#### Data to process
● ● ●

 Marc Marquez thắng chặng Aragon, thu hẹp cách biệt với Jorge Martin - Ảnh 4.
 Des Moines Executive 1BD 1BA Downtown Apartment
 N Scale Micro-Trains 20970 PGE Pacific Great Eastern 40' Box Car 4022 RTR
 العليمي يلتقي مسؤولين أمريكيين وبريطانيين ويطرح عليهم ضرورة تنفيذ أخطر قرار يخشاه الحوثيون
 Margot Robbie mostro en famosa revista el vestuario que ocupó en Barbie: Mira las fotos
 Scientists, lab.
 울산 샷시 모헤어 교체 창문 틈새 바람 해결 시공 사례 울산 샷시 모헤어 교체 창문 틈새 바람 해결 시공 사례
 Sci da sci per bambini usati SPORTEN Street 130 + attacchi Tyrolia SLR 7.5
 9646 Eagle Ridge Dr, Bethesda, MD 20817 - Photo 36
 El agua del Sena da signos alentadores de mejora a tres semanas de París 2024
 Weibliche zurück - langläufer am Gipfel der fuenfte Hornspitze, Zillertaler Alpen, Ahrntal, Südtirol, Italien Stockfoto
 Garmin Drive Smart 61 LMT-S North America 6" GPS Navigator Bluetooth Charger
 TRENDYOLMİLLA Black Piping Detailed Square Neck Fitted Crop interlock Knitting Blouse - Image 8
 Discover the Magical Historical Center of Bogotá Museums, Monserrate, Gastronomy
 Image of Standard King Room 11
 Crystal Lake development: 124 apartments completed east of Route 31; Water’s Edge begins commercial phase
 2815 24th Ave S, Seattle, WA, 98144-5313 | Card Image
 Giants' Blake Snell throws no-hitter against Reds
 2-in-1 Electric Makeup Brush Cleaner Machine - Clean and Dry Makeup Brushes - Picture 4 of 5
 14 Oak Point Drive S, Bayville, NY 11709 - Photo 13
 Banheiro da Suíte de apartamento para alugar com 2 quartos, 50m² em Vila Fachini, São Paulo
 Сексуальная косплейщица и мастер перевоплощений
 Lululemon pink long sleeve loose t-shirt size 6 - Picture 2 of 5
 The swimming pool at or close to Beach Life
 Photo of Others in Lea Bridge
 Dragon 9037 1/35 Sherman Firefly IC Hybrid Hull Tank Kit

● ● ●

#### Exercise directions
Reproduce the data above in full. Leave nothing out.

#### Exercise response
 Marc Marquez thắng chặng Aragon, thu hẹp cách biệt với Jorge Martin - Ảnh 4.
 Des Moines Executive 1BD 1BA Downtown Apartment
 N Scale Micro-Trains 20970 PGE Pacific Great Eastern 40' Box Car 4022 RTR
 العليمي يلتقي مسؤولين أمريكيين وبريطانيين ويطرح عليهم ضرورة تنفيذ أخطر قرار يخشاه الحوثيون
 Margot Robbie mostro en famosa revista el vestuario que ocupó en Barbie: Mira las fotos
 Scientists, lab.
 울산 샷시 모헤어 교체 창문 틈새 바람 해결 시공 사례 울산 샷시 모헤어 교체 창문 틈새 바람 해결 시공 사례
 Sci da sci per bambini usati SPORTEN Street 130 + attacchi Tyrolia SLR 7.5
 9646 Eagle Ridge Dr, Bethesda, MD 20817 - Photo 36
 El agua del Sena da signos alentadores de mejora a tres semanas de París 2024
 Weibliche zurück - langläufer am Gipfel der fuenfte Hornspitze, Zillertaler Alpen, Ahrntal, Südtirol, Italien Stockfoto
 Garmin Drive Smart 61 LMT-S North America 6" GPS Navigator Bluetooth Charger
 TRENDYOLMİLLA Black Piping Detailed Square Neck Fitted Crop interlock Knitting Blouse - Image 8
 Discover the Magical Historical Center of Bogotá Museums, Monserrate, Gastronomy
 Image of Standard King Room 11
 Crystal Lake development: 124 apartments completed east of Route 31; Water’s Edge begins commercial phase
 2815 24th Ave S, Seattle, WA, 98144-5313 | Card Image
 Giants' Blake Snell throws no-hitter against Reds
 2-in-1 Electric Makeup Brush Cleaner Machine - Clean and Dry Makeup Brushes - Picture 4 of 5
 14 Oak Point Drive S, Bayville, NY 11709 - Photo 13
 Banheiro da Suíte de apartamento para alugar com 2 quartos, 50m² em Vila Fachini, São Paulo
 Сексуальная косплейщица и мастер перевоплощений
 Lululemon pink long sleeve loose t-shirt size 6 - Picture 2 of 5
 The swimming pool at or close to Beach Life
 Photo of Others in Lea Bridge
 Dragon 9037 1/35 Sherman Firefly IC Hybrid Hull Tank Kit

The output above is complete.